Sterling hit a new record low against the euro this week after Prime Minister Theresa May announced she start Britain’s Article 50 exit from the EU within the next six months.
The negotiations that follow are expected to take at least two years, meaning that businesses face a minimum of two and a half years of uncertainty. At the same time Ireland’s Minister for Foreign Affairs and Trade Charlie Flanagan said he fears a return to a ‘hard Border’ with Northern Ireland may be inevitable despite encouraging remarks from UK ministers.
Northern Ireland’s Deputy First Minister Martin McGuinness said he found the Prime Minister’s Brexit plans “disturbing” and protested that Northern Ireland did not want to be dragged out of the EU.
“It’s quite clear that whenever the negotiations begin, if they do begin in March of next year, that the British government are faced with a very tough negotiation. So I think we’re headed to a head-on collision between the British government negotiators and European Union,” he said. Mindful of the widespread uncertainty and derision for “Brexit means Brexit” Prime Minister Mrs.

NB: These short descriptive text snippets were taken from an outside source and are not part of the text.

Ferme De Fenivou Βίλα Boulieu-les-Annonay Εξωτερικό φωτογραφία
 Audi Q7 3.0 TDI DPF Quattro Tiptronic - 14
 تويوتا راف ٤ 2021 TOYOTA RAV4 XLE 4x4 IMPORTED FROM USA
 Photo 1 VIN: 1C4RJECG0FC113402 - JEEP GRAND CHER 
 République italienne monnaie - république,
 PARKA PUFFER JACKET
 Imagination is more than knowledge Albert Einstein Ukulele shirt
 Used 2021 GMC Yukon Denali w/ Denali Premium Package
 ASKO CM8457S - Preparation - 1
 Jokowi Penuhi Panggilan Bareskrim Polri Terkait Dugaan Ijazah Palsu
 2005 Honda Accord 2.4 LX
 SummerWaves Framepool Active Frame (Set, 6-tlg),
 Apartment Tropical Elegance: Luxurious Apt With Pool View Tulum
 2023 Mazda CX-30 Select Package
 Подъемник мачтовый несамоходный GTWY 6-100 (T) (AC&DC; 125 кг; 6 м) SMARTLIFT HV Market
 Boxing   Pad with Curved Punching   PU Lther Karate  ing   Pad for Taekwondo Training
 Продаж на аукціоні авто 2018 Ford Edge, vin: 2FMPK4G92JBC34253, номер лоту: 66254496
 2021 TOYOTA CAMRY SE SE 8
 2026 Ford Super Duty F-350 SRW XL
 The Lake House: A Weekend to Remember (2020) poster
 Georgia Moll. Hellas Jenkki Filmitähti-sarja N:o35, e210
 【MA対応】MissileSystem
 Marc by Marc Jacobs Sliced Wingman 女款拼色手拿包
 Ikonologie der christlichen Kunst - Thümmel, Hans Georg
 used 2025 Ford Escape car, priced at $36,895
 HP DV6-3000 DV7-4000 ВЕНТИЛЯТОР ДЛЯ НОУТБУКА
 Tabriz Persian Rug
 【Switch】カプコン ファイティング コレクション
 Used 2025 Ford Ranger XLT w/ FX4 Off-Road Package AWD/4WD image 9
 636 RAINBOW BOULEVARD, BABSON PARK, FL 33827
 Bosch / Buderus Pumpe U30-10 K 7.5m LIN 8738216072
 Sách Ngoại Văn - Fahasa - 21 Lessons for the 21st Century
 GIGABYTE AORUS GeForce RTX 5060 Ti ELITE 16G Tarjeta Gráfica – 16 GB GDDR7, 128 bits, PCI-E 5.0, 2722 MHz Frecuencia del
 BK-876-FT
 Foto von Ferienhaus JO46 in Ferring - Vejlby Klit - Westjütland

May and her chancellor Philip Hammond tried to calm that uncertainty at their Tory Party conference in Birmingham this week by announcing plans to invest in housing and infrastructure including £5 billion to encourage small builders to develop brownfield sites.
Mrs May dismissed suggestions that the UK faced a choice between a so-called “soft” and “hard” Brexit but the timetable she announced was immediately taken by investment banks, incuding JP Morgan, to mean a “hard” Brexit is imminent with Britain abandoning the EU’s customs union and membership of the single market, opting instead to restrict free movement and immigration. President of the European Council Donald Tusk said he welcomed the “clarity” given by Mrs. May’s remarks.
Mr Hammond said people should prepare themselves for some turbulence but distanced himself from his predecessor’s plans to cut UK debt, promising to borrow to invest. The result was mixed signals as the Stock Exchange’s FTSE 100 hit a 16 month high and companies purchasing managers recorded increases while sterling fell to a four year low.
At the start of this week a euro was worth 87 pence, similar to the record low to which it plunged just after the Brexit Referendum in June.
Ireland’s Foreign Minister Charlie Flanagan said Brexit is the greatest foreign policy challenge to Ireland since it joined the European Economic Community (EEC) 43 years ago. He said he welcomed the clarity Ms May has given the situation by naming a date for triggering Article 50.
“Our priorities here are quite clear – the economy, the fact that we have in excess of €1.2 billion trade with the UK every week, and obviously the situation regarding Northern Ireland.
“The preservation and maintenance of the Common Travel Area which we have enjoyed with the UK since the foundation of our State and of course the fact that we still remain active members of the European Union.”
He said the Border would actually be decided by 27 members of the EU.